Son film, interprétation très personnelle d'une page de la Bible qui a pourtant inspiré oeuvres plus méritoires (notamment en musique), est tout au plus grandiloquente, affreusement caricaturale (le portrait des juifs) atterrante de roublardise, insupportablement emphatique (chaque geste est sur-signifé au ralenti), et véritablement pénible à endurer. Pénible pour son personnage principal, plaie béante convulsée de douleur à qui rien n'est épargné, mais aussi pour le spectateur, tétanisé devant tant de bêtise.
Peut-être Gibson voulait-il donner une contenance à son film en faisant le choix de certaines langues mortes (araméen et latin), il n'empêche que ce qu'il s'y dit n'a vraiment pas grande profondeur. Sa Passion est simpliste, creuse, accumulation de vignettes bondieusardes qui n'ont de pieuses que le nom. Et a aucun moment le film ne touche au coeur, n'émeut, le moindre soupçon d'empathie étant immédiatement balayé par le grand-guignolesque du spectacle.

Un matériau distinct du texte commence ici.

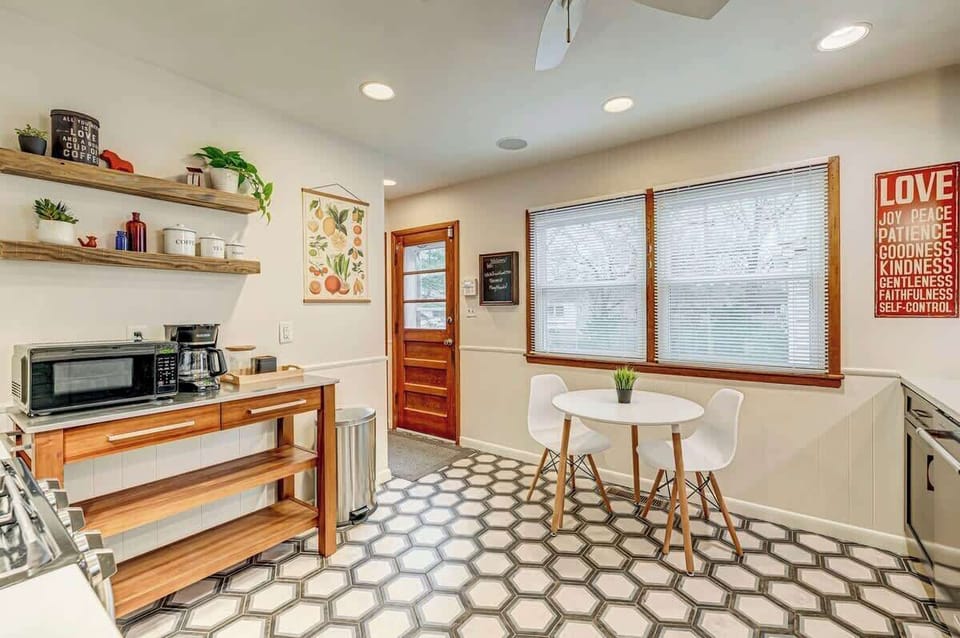 Fully equipped kitchen with coffee bar and 
 breakfast table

Gibson s'appuie effectivement sur la connaissance des spectateurs pour éluder certaines redondances, et fait le pari que l'histoire nous est suffisamment familière pour ne se concentrer que sur la mise à mort de son protagoniste. Marie Madeleine apparaît comme un personnage capital sans qu'on nous la présente, et certains des moments phares des dernières heures de la vie de Jésus (la Cène, notamment) sont réduits à leur portion congrue.

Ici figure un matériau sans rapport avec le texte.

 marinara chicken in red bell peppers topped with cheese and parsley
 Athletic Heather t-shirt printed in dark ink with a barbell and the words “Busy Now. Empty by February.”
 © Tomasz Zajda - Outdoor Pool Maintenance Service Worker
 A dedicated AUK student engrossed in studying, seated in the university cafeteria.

C'est donc la souffrance de l'homme, et uniquement celle-ci, qu'il veut nous montrer, ce qui est d'autant plus dommage, que le film est beaucoup plus réussi dans ses scènes humaines (les acteurs sont à peu près tous excellents), là où le calvaire devient, pour être honnête, franchement répétitif, quand il n'est pas totalement ridicule, giclées de sang en images de synthèse à l'appui. Fidèle aux textes (encore faut-il voir lesquels, là aussi il y a débat) sans en avoir compris le message, Gibson tombe dans tous les pièges et gâche un certain parti pris réaliste par des idées grotesques, comme ce besoin de personnifier le mal, de l'incarner en une figure immédiatement reconnaissable par le spectateur.

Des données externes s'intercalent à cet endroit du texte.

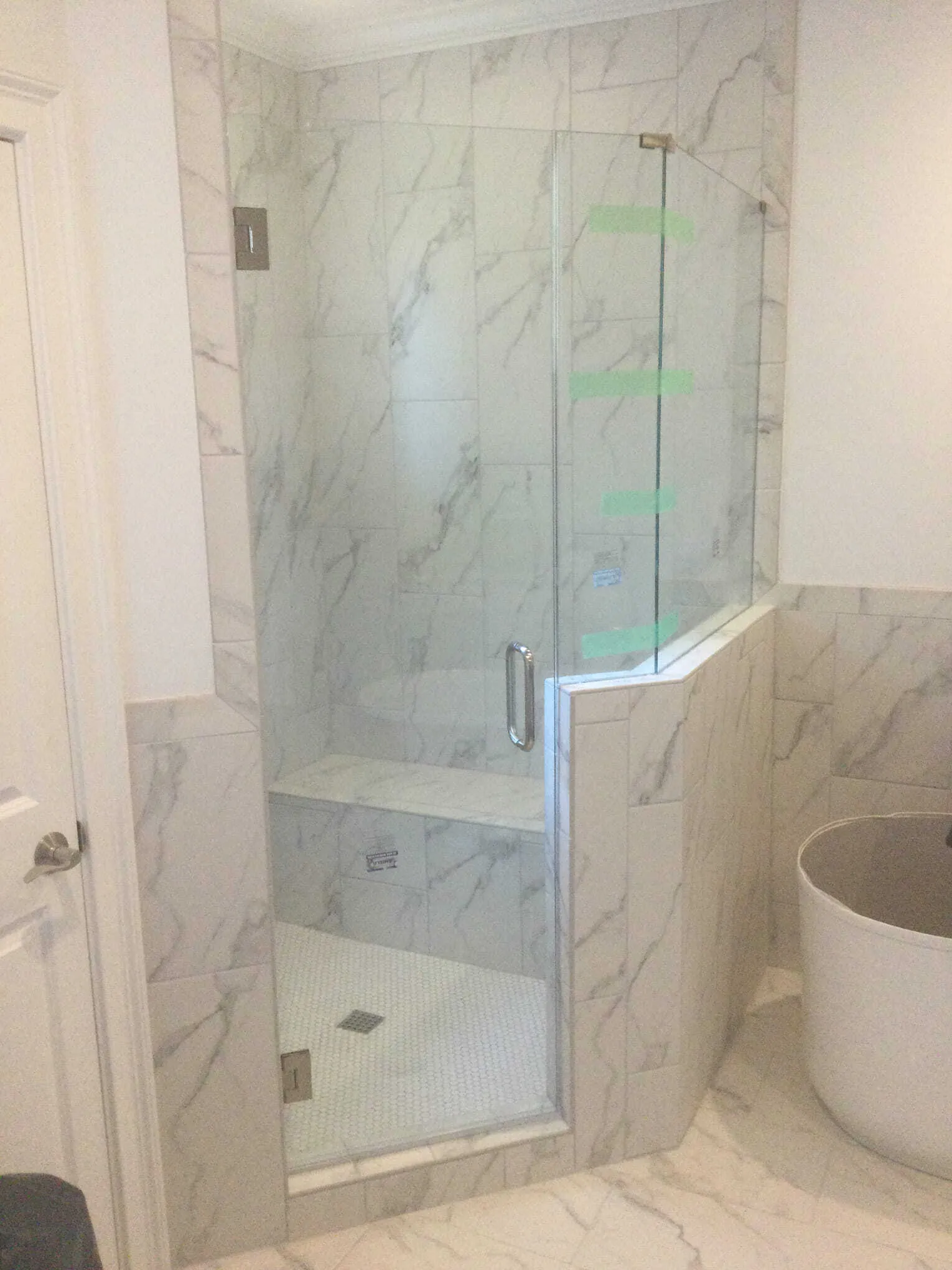 A frameless glass shower enclosure with white marble tiles and a built-in seat.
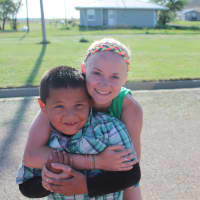 <p>Liz Morrissey and White Horse community resident Laken playing on Team 1&#x27;s last day at the reservation.</p>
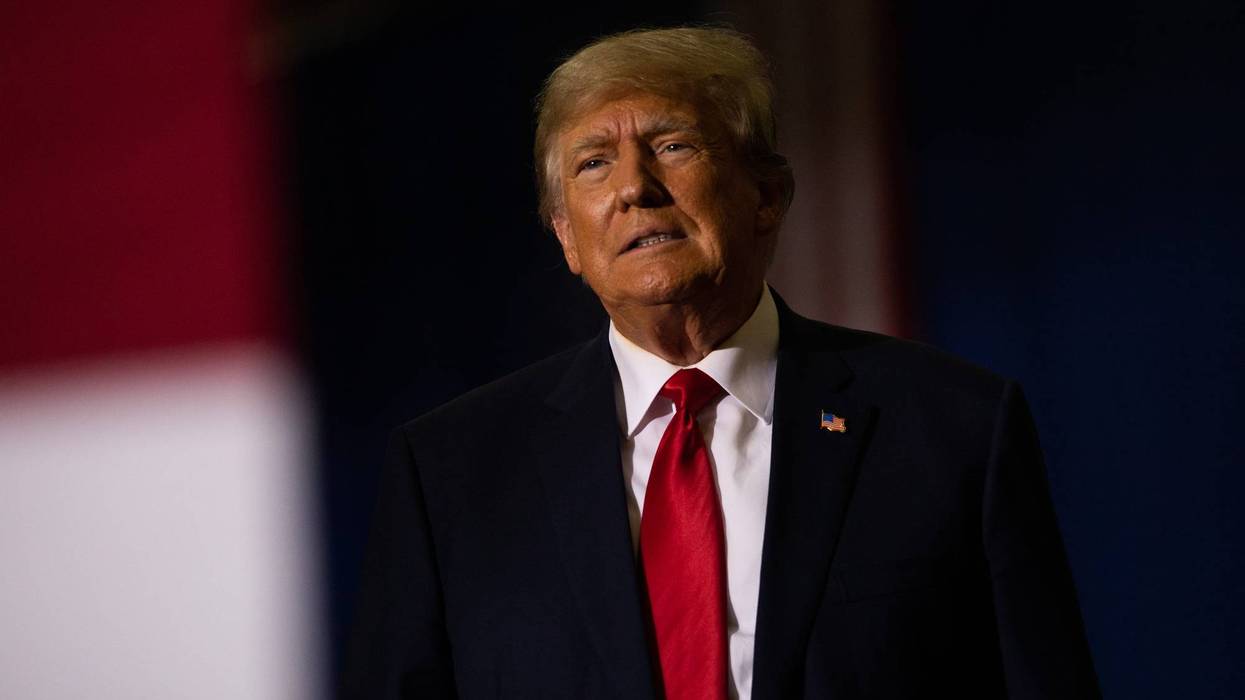 WARREN, MI - OCTOBER 01: Former President Donald Trump gets ready to speak during a Save America rally on October 1, 2022 in Warren, Michigan. Trump has endorsed Republican gubernatorial candidate Tudor Dixon, Secretary of State candidate Kristina Karamo, Attorney General candidate Matthew DePerno, and Republican businessman John James ahead of the November midterm election.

Une idée d'une hallucinante connerie culminant en un plan imbécile où le "diable", sur fond d'enfer, hurle sa déception alors que Jésus, pourtant abandonné par Dieu sur la croix, n'a pas perdu la foi. Non, décidément, il n'y a pas d'amour, de grandeur, de souffle ni d'âme dans ce spectacle vulgaire, à peine digne d'un mauvais film d'exploitation italien, où le dégueulasse sert des dessins tout aussi critiquables que répugnants, entre prosélytisme béat et foi aveugle qui n'a rien retenu des messages de tolérance de son prophète. Plat, anodin (son film est visuellement très ordinaire), La Passion du Christ n'est pour Gibson qu'une nouvelle excroissance masoschiste de ses précédentes oeuvres, où déjà Mel le pieux n'aimait rien d'autre qu'à se faire souffir, à se défigurer (L'Homme sans visage, Braveheart).
On attendait un brûlot, un film qui provoque, on n'aura qu'un énorme ratage, bête et manichéen, où les symboles ont la teneur de slogans publicitaires (Judas tombant au ralenti avec ses pièces), j'en veux pour témoin le merchandising ringard fait autour du film (breloques, CD, etc). En définitive, une profession de foi qui en manque singulièrement.